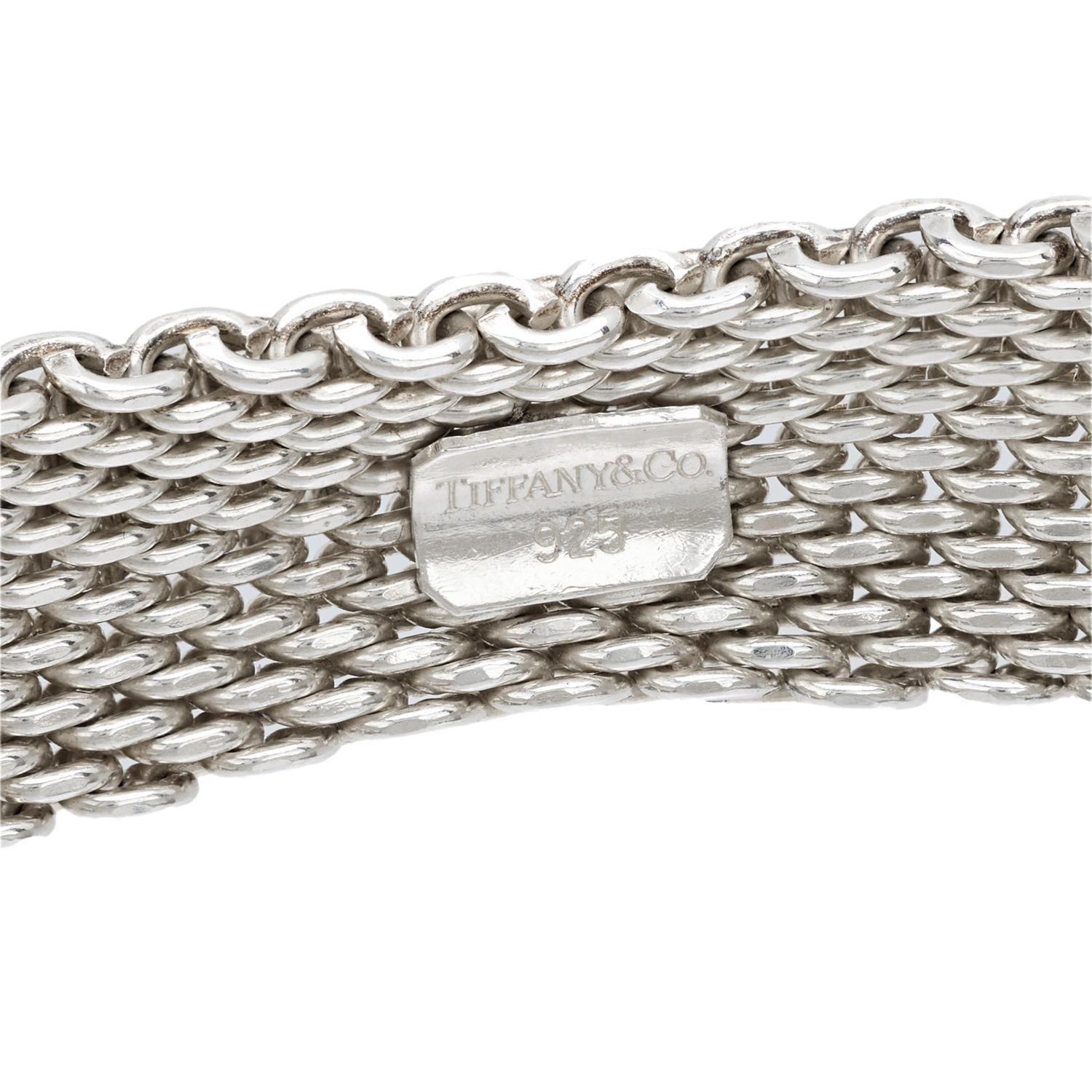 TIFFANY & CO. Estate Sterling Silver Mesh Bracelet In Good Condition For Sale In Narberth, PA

---

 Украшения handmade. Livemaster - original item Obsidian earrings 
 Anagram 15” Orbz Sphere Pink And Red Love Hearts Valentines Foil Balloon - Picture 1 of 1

> _ACTION ITEM_: The answer is the lines above between the line holding "Украшения handmade. Livemaster" and the line holding "Picture 1 of 1", inclusive, each written out exactly, and no others.

> _RESULT BELOW_:
 Украшения handmade. Livemaster - original item Obsidian earrings 
 Anagram 15” Orbz Sphere Pink And Red Love Hearts Valentines Foil Balloon - Picture 1 of 1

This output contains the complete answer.